In partial seizures the electrical disturbance is limited to a specific area of one cerebral hemisphere (side of the brain). Partial seizures are subdivided into simple partial seizures (in which consciousness or awareness is retained) and complex partial seizures (in which consciousness is impaired or lost). Partial seizures may spread or progress to a generalized tonic-clonic seizure, in which case the classification category is partial seizures secondarily generalized.

Partial seizures are the most common type of seizure experienced by people with epilepsy. Virtually any movement, sensory or emotional symptom can occur as part of a partial seizure, including complex visual or auditory hallucinations.
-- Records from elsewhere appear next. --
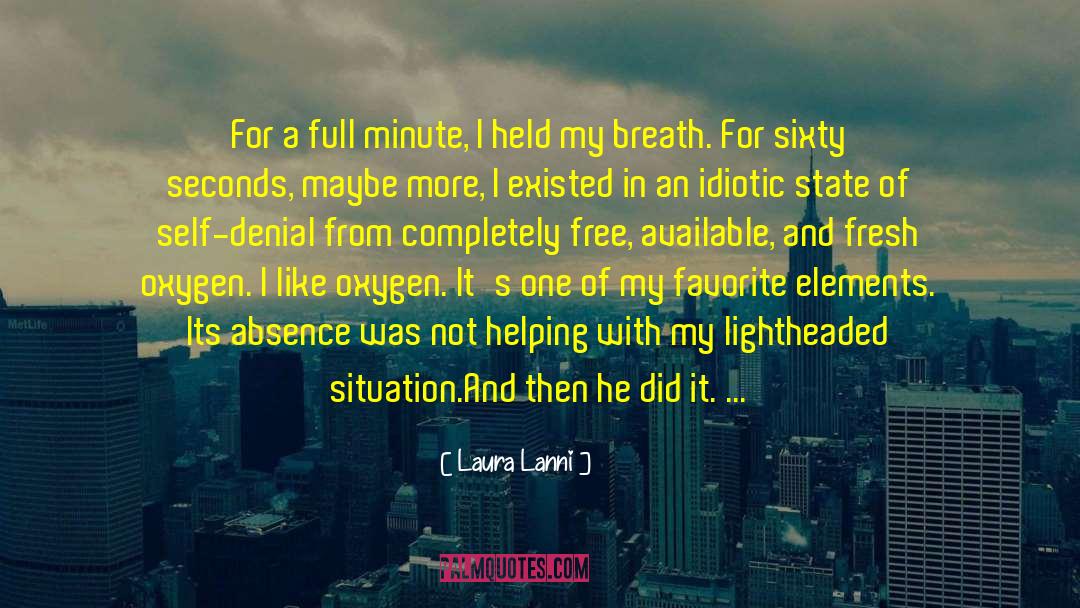 Laura Lanni Quotes: For a full minute, I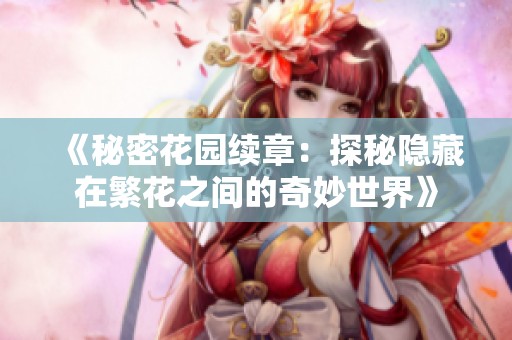 《秘密花园续章：探秘隐藏在繁花之间的奇妙世界》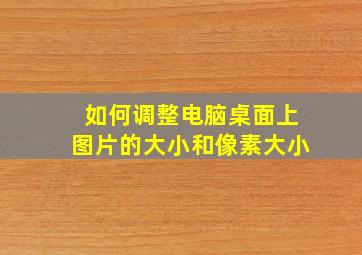 如何调整电脑桌面上图片的大小和像素大小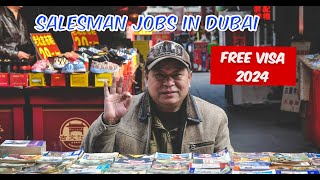 Salesman Job in Dubai  Salesman Salary In Dubai 2024 [upl. by Adnohsirk]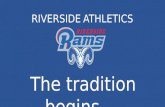 RIVERSIDE ATHLETICS The tradition begins….. INTRODUCTIONS Matt Oblas, Athletic Director Doug Anderson, Principal Assistant Athletic Director, Kevin Weeren.
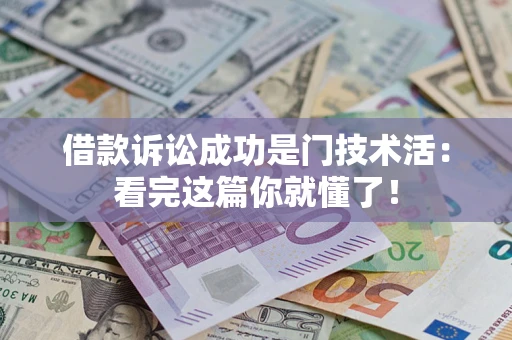 济南借款诉讼成功是门技术活：看完这篇你就懂了！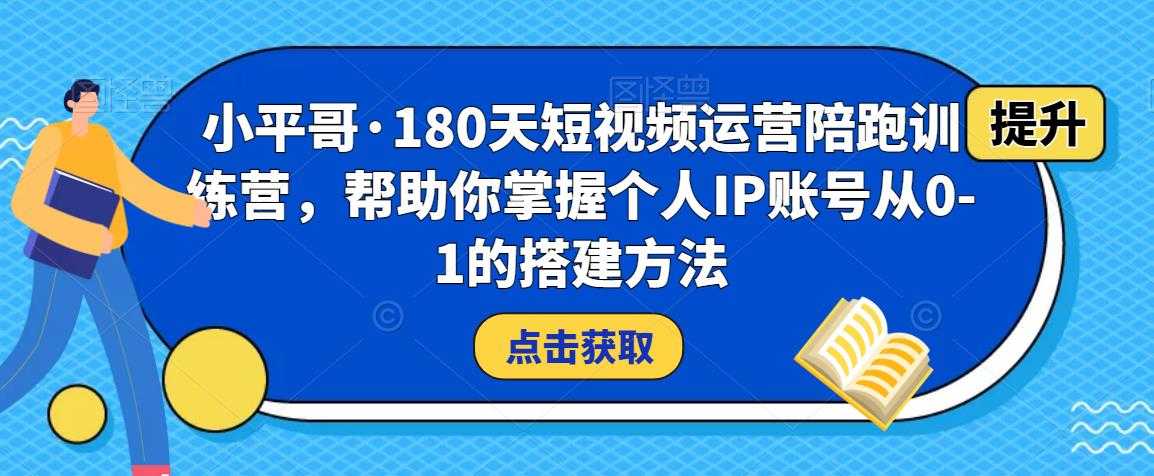 图片[1]-小平哥·180天短视频运营陪跑训练营，帮助你掌握个人IP账号从0-1的搭建方法-课程网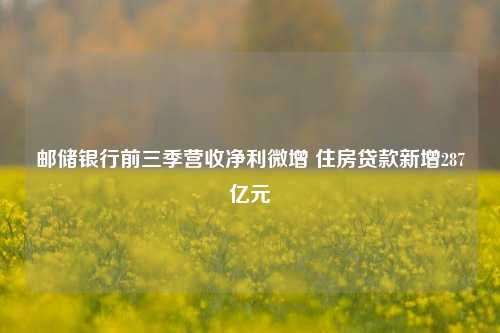 邮储银行前三季营收净利微增 住房贷款新增287亿元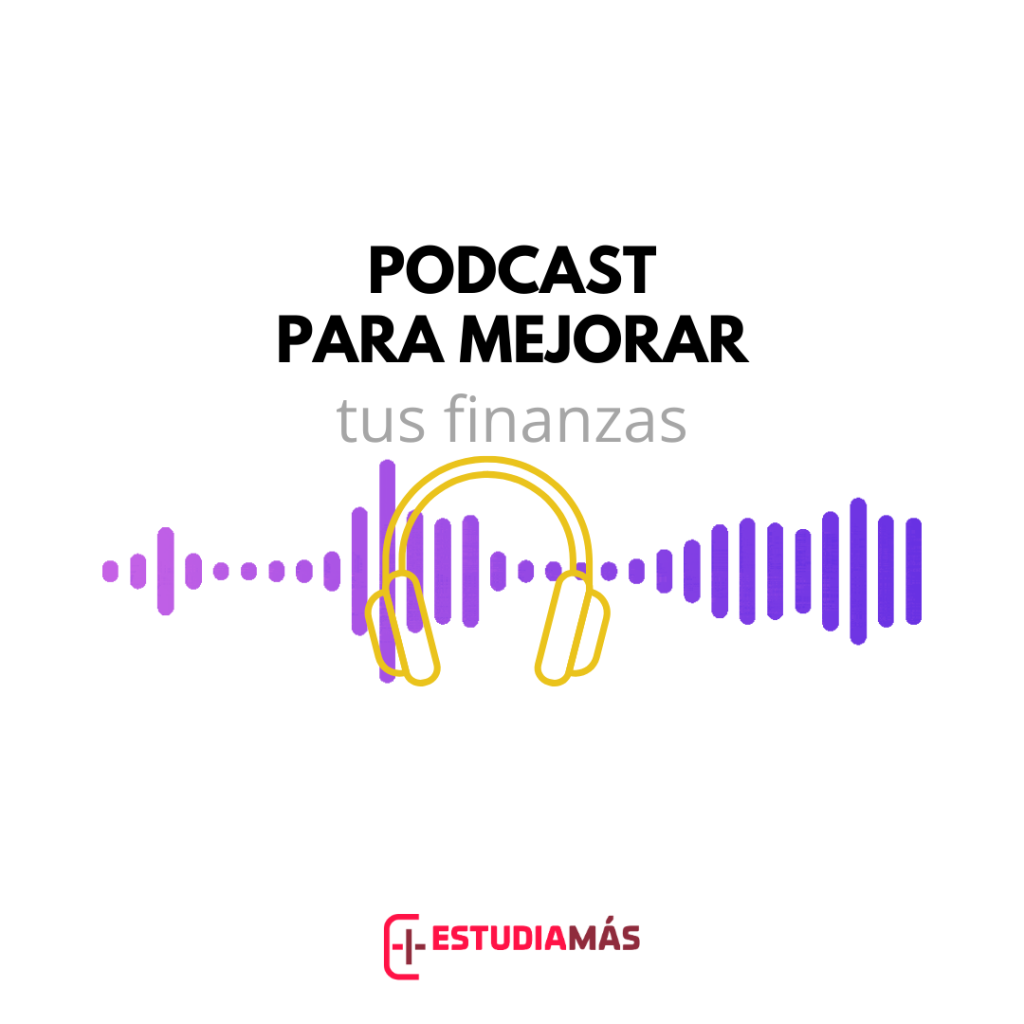 Mejores podcast para mejorar tus finanzas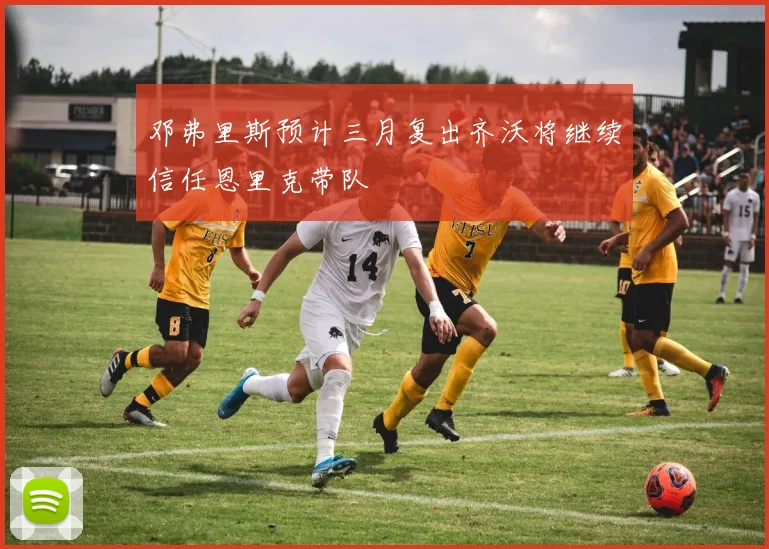 邓弗里斯预计三月复出齐沃将继续信任恩里克带队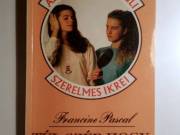 Túl Szép, hogy Igaz Legyen (Francine Pascal) 1991 (8kép+tartalom)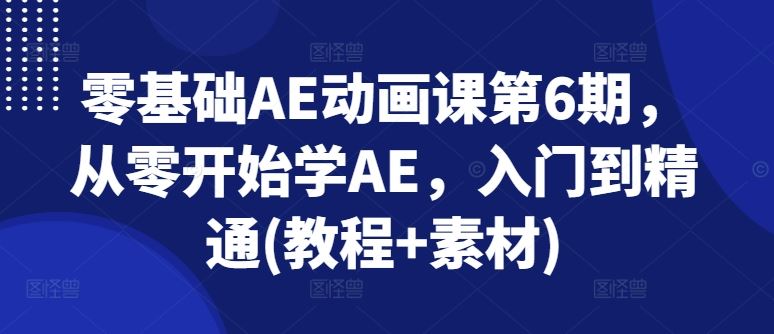 零基础AE动画课第6期，从零开始学AE，入门到精通(教程+素材)-柠檬网创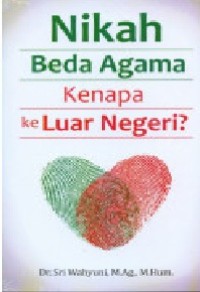 Image of Nikah Beda Agama : Kenapa ke Luar Negeri?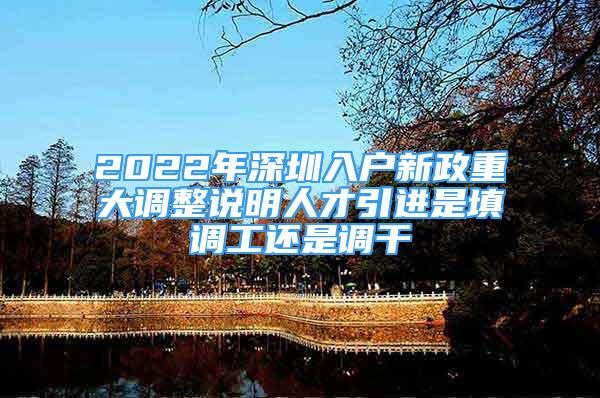 2022年深圳入戶新政重大調(diào)整說(shuō)明人才引進(jìn)是填調(diào)工還是調(diào)干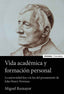VIDA ACADEMICA Y FORMACION PERSONAL | RUMAYOR FERNANDEZ,MIGUEL ANGEL | EUNSA | 9788431336189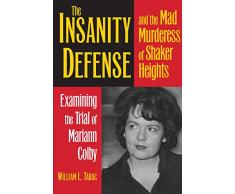 The Insanity Defense and the Mad Murderess of Shaker Heights: Examining the Trial of Mariann Colby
Type Duration Seizure Symptoms, and Postictal (post-seizure) Symptoms

Simple Partial: 30-60 seconds, no loss of consciousness, sudden jerking, sensory phenomena, transient weakness or loss of sensation

Complex Partial: 1 to 2 minutes, may have aura (or warning – most typical is sensation in stomach), automatisms (such as lip smacking, picking at clothes, fumbling), unaware of environment, may wander, amnesia for seizure events, mild to moderate confusion during, sleepy after

Key Things to Remember about Partial Seizures

Although partial seizures affect different physical, emotional, or sensory functions of the brain, they have some things in common:

  • They don't last long. Most last only a minute or two, although people may be confused and need a lot more time (2 to 30 minutes) afterwards to recover fully.
  • They end naturally. Except in rare cases, the brain has its own way of bringing the seizure safely to an end after a minute or two.
  • You can't stop them. In an emergency, doctors may use drugs to bring a lengthy, non-stop seizure to an end. However, the average person should wait for the seizure to run its course and try to protect the person from harm while consciousness is clouded. People who have been shown how to use a Vagus Nerve Stimulator (VNS) magnet may try to stop a seizure in that way.
  • They are not dangerous to others. The movements produced by a seizure are almost always too vague, too unorganized and too confused to threaten the safety of anyone else.